Work item :: Retype exactly what appears below from the line containing "730 - A LOUIS" down to the line containing "Close-Up Shot Of A Woman Holding Cards", keeping both end lines. Do not include pictures.

Records ::
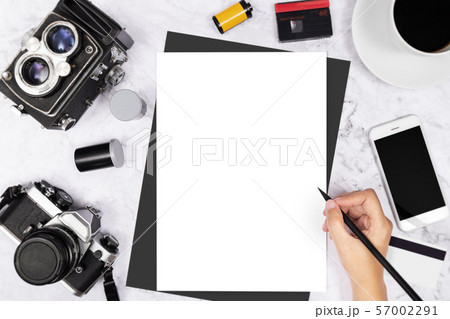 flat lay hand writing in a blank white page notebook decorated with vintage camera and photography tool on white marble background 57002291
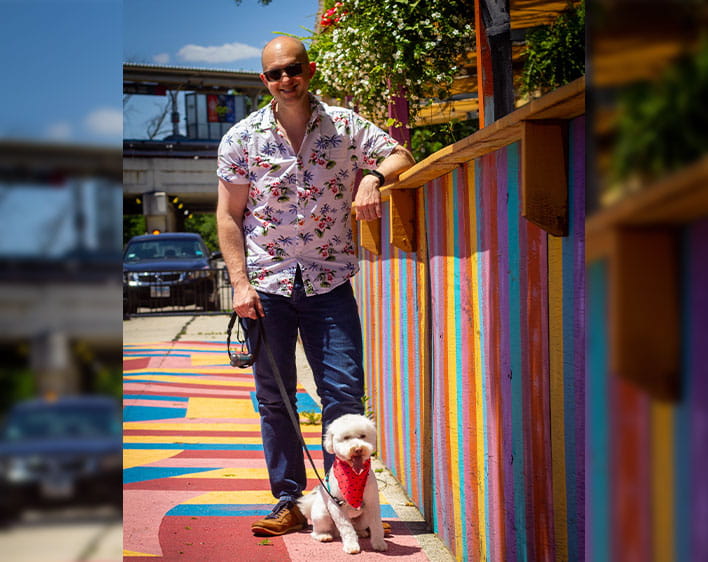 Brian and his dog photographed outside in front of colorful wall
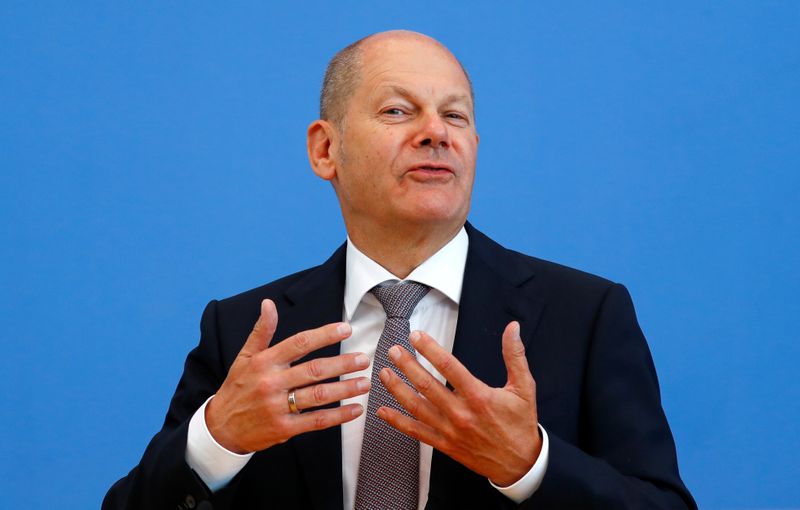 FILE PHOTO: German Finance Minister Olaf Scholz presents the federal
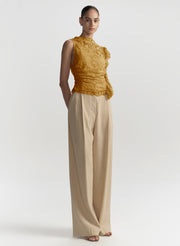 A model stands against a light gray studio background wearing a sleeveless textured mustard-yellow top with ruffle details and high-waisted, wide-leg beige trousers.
---
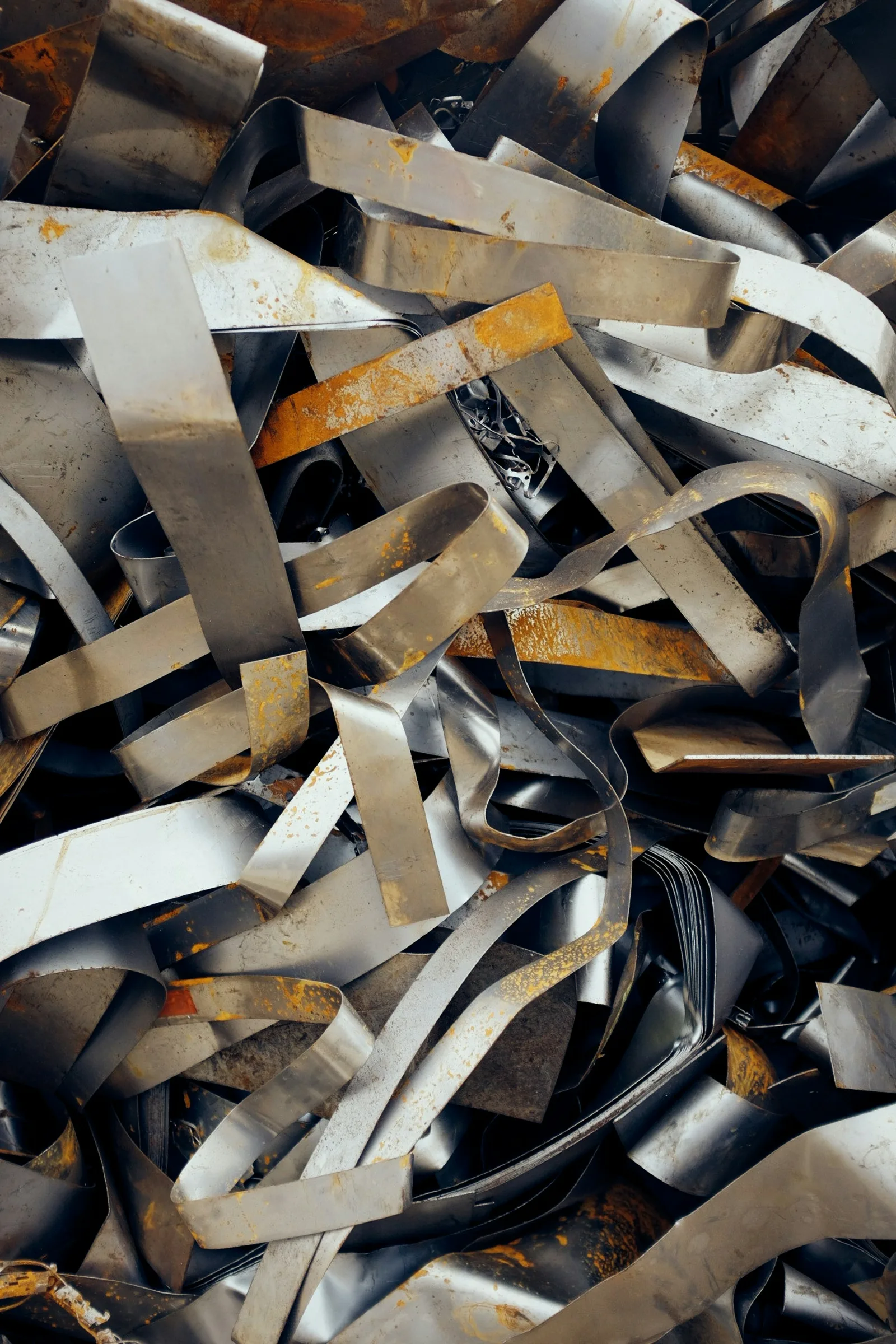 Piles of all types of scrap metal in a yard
--
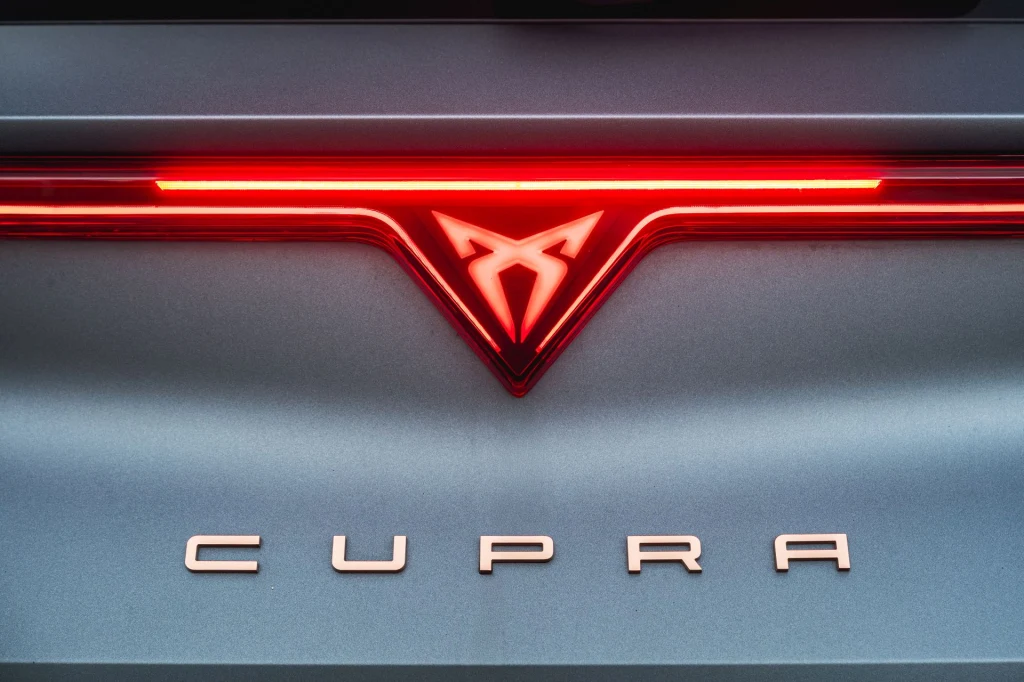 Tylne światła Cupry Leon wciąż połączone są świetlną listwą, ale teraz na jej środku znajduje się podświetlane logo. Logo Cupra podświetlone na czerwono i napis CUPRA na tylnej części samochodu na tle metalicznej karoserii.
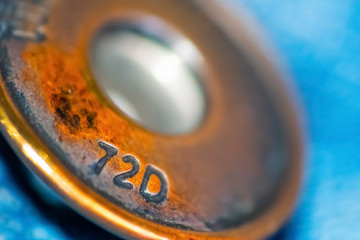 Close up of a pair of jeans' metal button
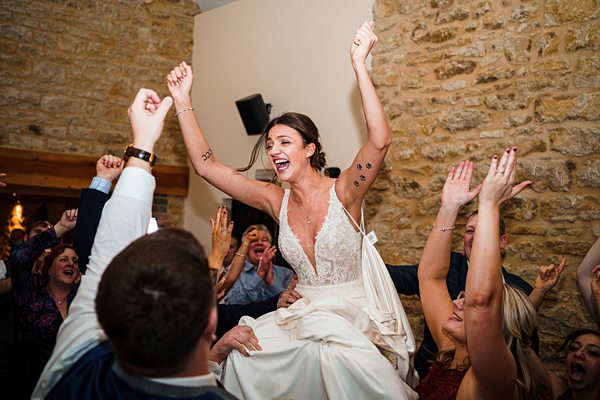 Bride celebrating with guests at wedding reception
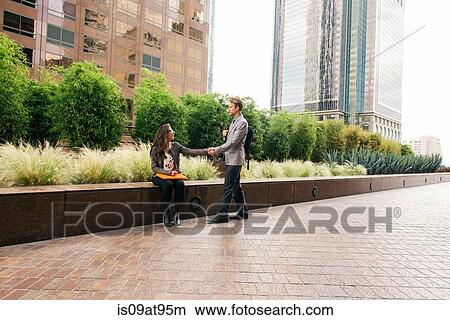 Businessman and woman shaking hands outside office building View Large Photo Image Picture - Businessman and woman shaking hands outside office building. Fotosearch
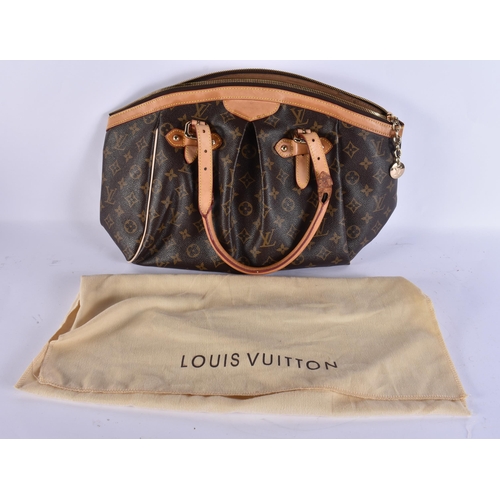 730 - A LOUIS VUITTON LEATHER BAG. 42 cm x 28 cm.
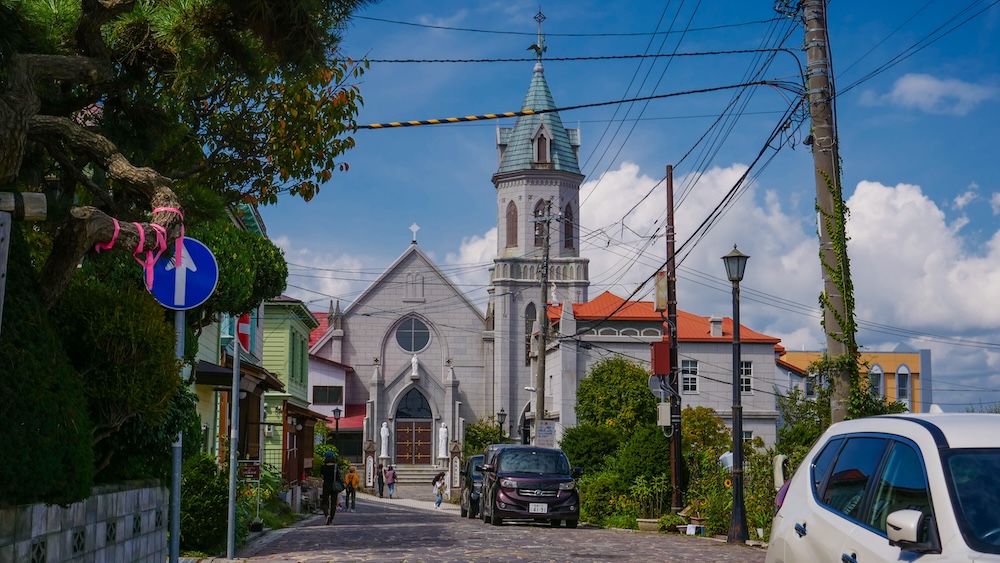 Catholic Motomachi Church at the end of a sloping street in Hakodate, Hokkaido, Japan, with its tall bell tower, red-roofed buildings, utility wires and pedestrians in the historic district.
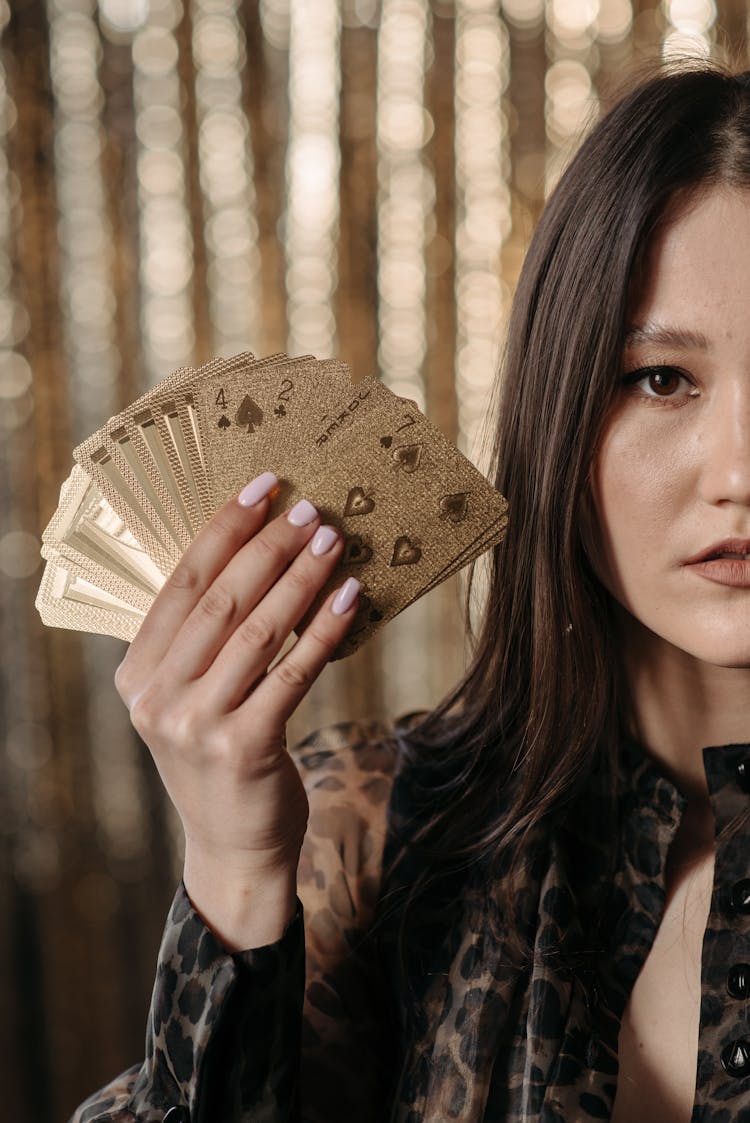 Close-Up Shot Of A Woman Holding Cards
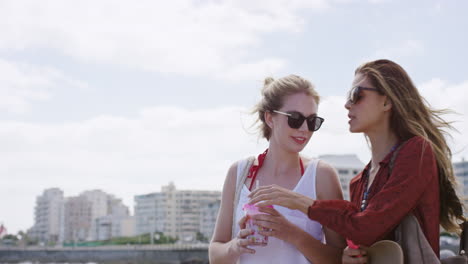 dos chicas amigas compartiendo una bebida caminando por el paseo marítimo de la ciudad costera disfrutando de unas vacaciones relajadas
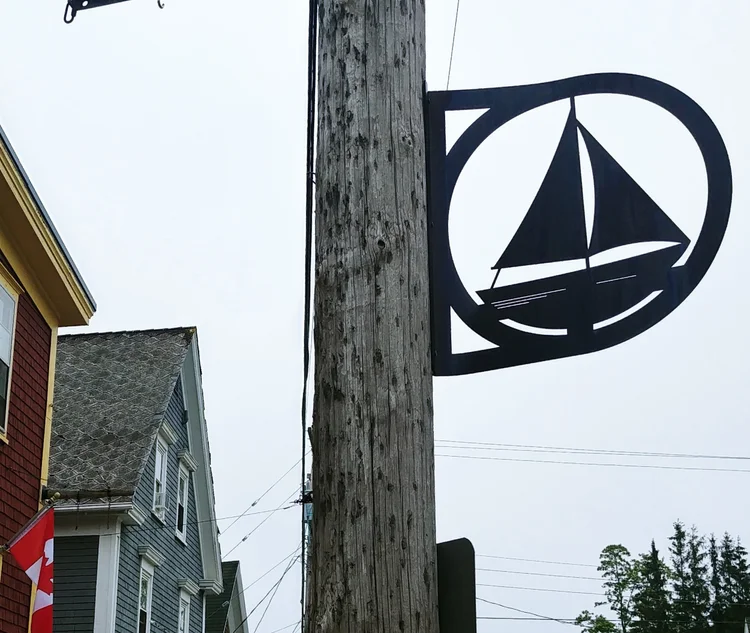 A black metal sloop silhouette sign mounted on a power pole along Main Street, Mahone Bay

Solution for this task ::
 730 - A LOUIS VUITTON LEATHER BAG. 42 cm x 28 cm.
 Catholic Motomachi Church at the end of a sloping street in Hakodate, Hokkaido, Japan, with its tall bell tower, red-roofed buildings, utility wires and pedestrians in the historic district.
 Close-Up Shot Of A Woman Holding Cards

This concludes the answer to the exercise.